=== Goal of the exercise ===
Return only the lines below starting at the line containing "Cabin Air Filter:46 32 493" and ending at the line containing "Topánky La Sportiva", both included, exactly as they are and with no pictures.

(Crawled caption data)
******************************
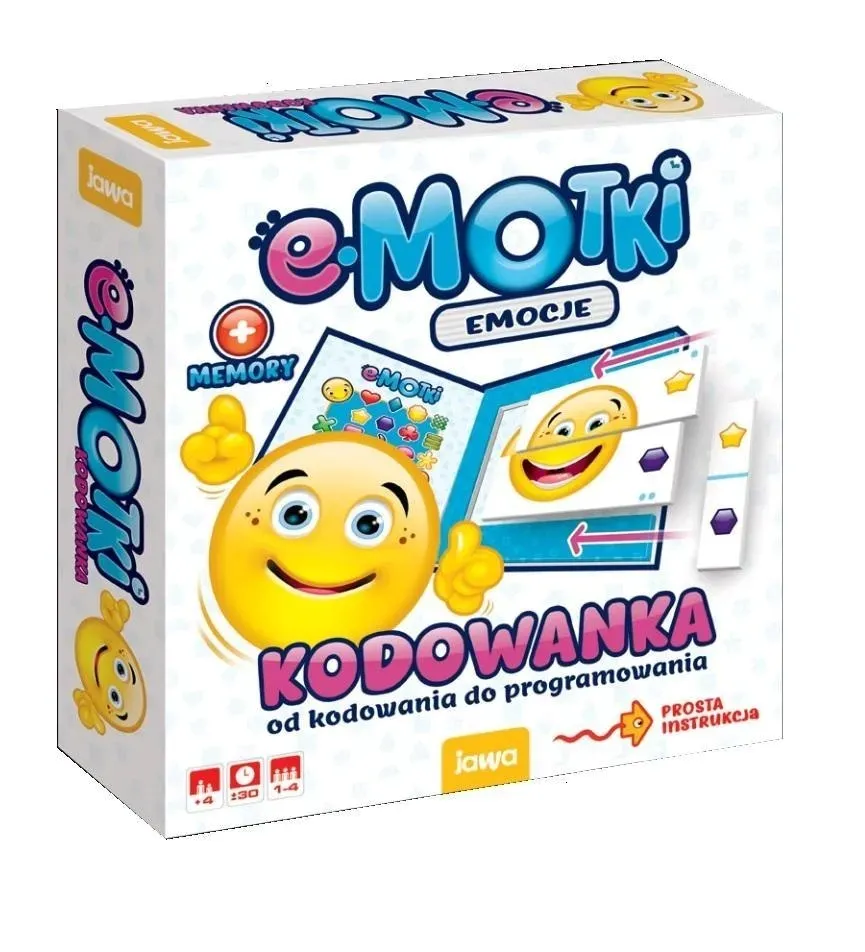 emotki-jawa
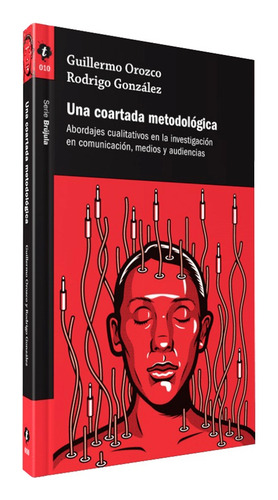 Libro Una Coartada Metodológica
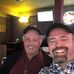Phillip Mackey - Facebook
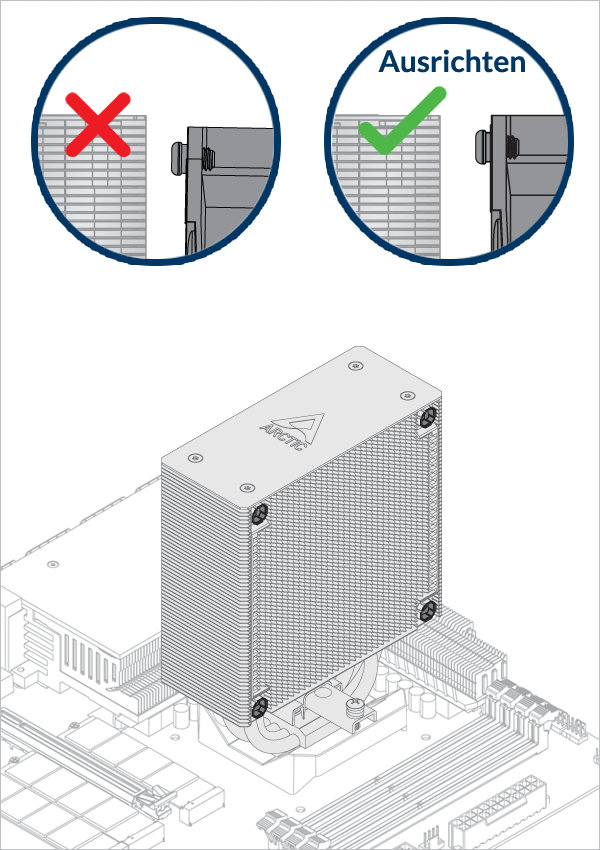 Freezer 36 A-RGB Rev 6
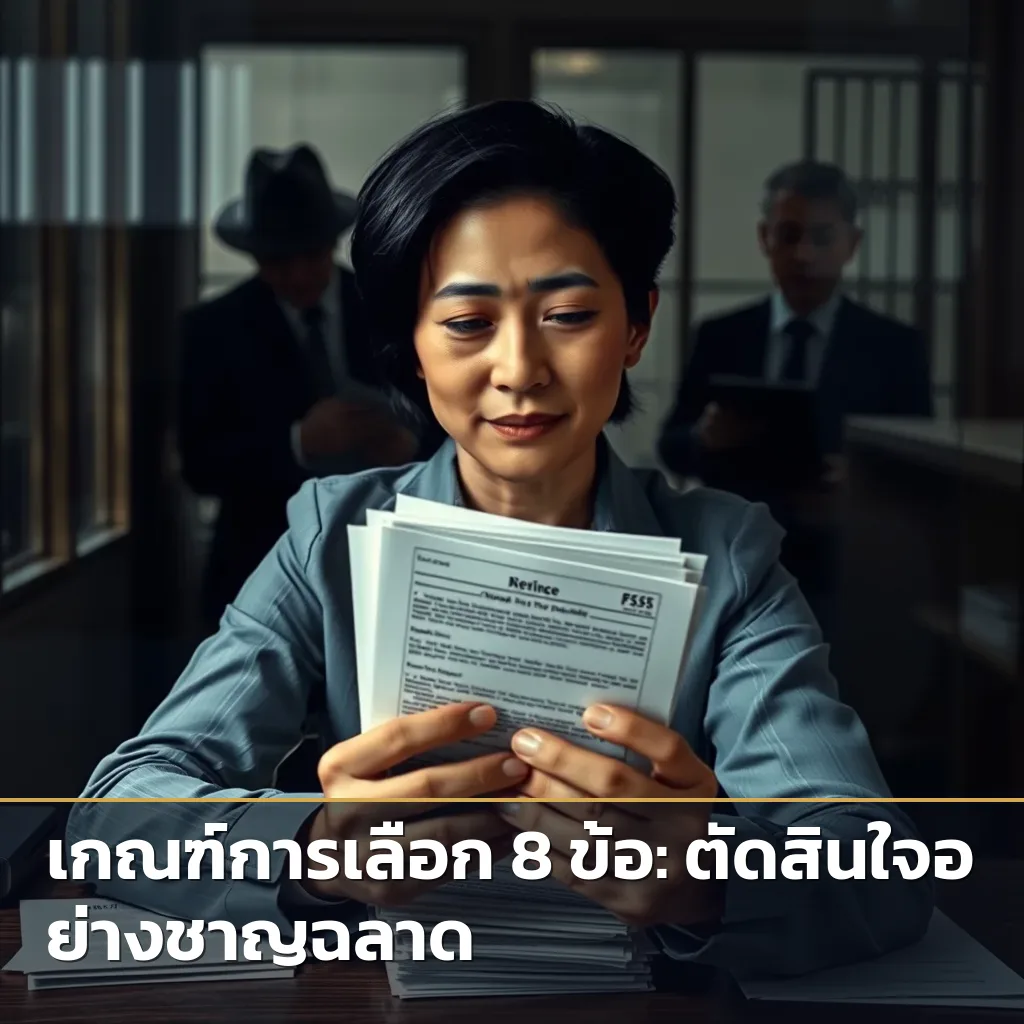คุณฤทธิเดชได้หลักฐานสำคัญจากการจ้างบริษัทนักสืบณรงค์ เพื่อดำเนินคดีทางธุรกิจ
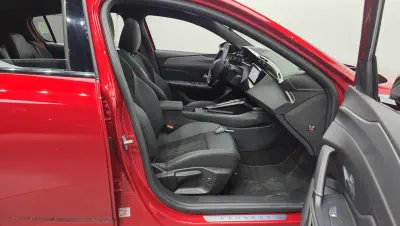 catalog-car-26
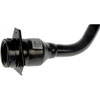 Replacement Filler Neck for Fuel - image 2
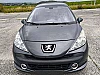 Peugeot 207 Peugeot 207 brk 1600 essence boîte automatique thumbnail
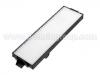 Cabin Air Filter:46 32 493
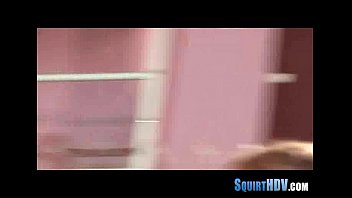 Make That Pussy Squirt 607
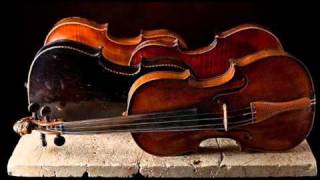 J Pachelbel Musicalische Ergoetzung  Partita I for 2 violins amp bc in F major  LEstravagante [upl. by Yentruok]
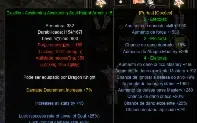 [Megamu ] Kit Awakening Bk Full +15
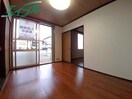 同タイプの部屋写真です。 三岐鉄道北勢線/星川駅 徒歩23分 2階 築39年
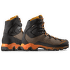 Topánky La Sportiva Aequilibrium Trek GTX Chocolate/Papaya_N05Y02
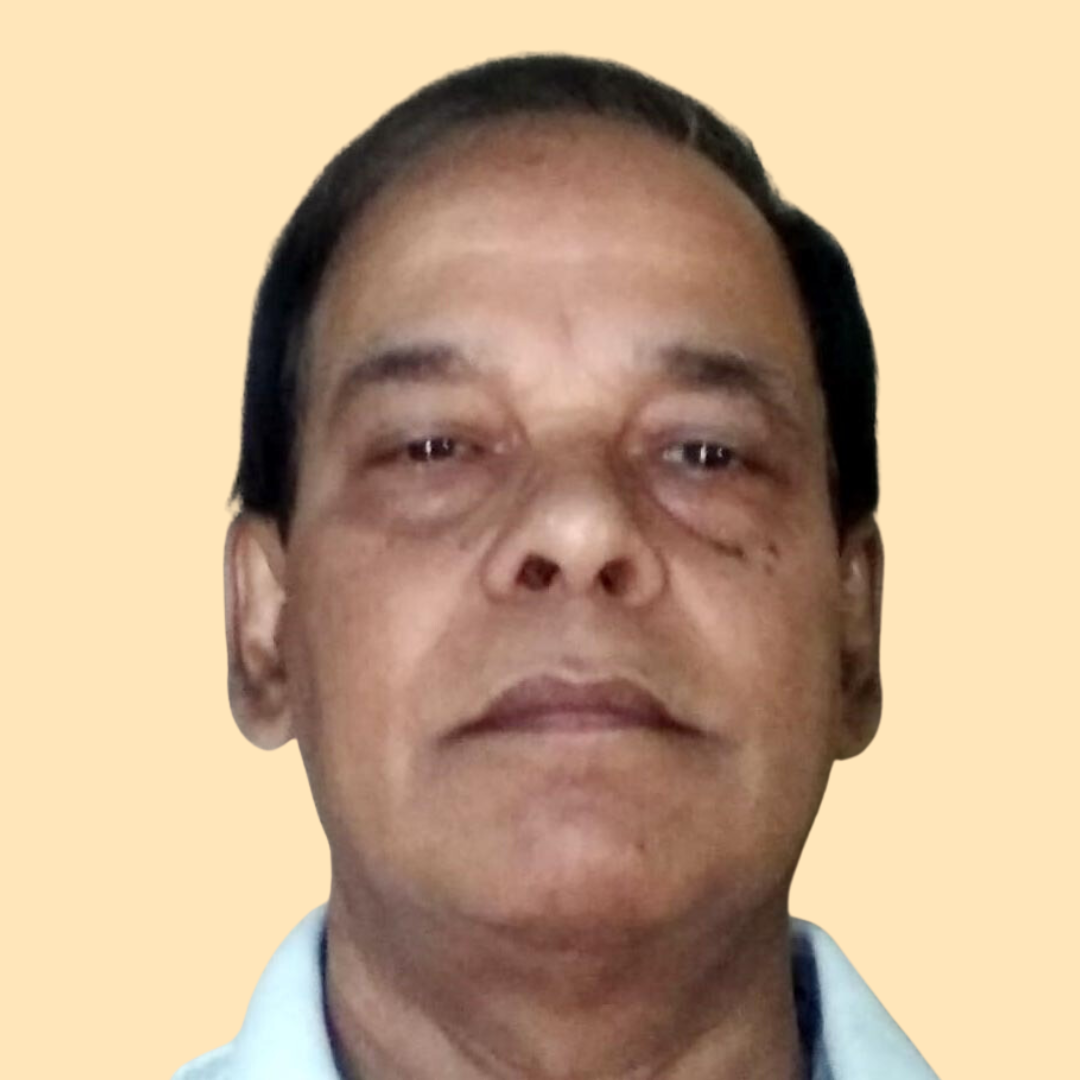 Principal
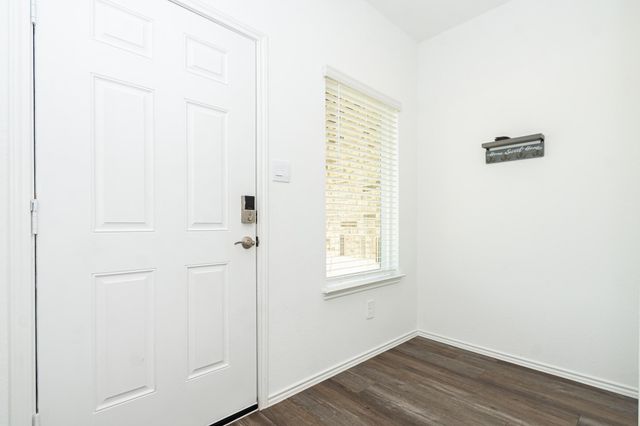 5419 Wyndham Ridge Lane, Spring, TX 77373
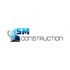 SM Group of Constructions Developer Logo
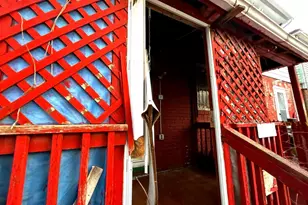 446 Walnut Ave, Trenton, NJ 08609 - Photo 29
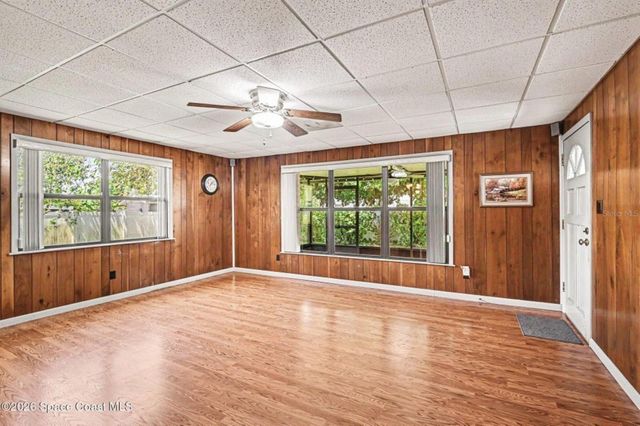 830 HILLCREST AVENUE, Titusville, FL 32796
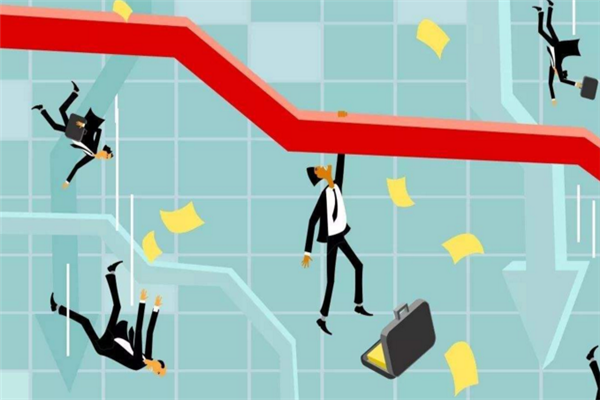 新股申购中签号查询方法一览
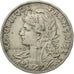 Coin, France, Patey, 25 Centimes, 1905, EF(40-45), Nickel, KM:856, Le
******************************
=== Solved problem ===
 Cabin Air Filter:46 32 493
 Make That Pussy Squirt 607
 J Pachelbel Musicalische Ergoetzung  Partita I for 2 violins amp bc in F major  LEstravagante [upl. by Yentruok]
 [Megamu ] Kit Awakening Bk Full +15
 同タイプの部屋写真です。 三岐鉄道北勢線/星川駅 徒歩23分 2階 築39年
 Topánky La Sportiva Aequilibrium Trek GTX Chocolate/Papaya_N05Y02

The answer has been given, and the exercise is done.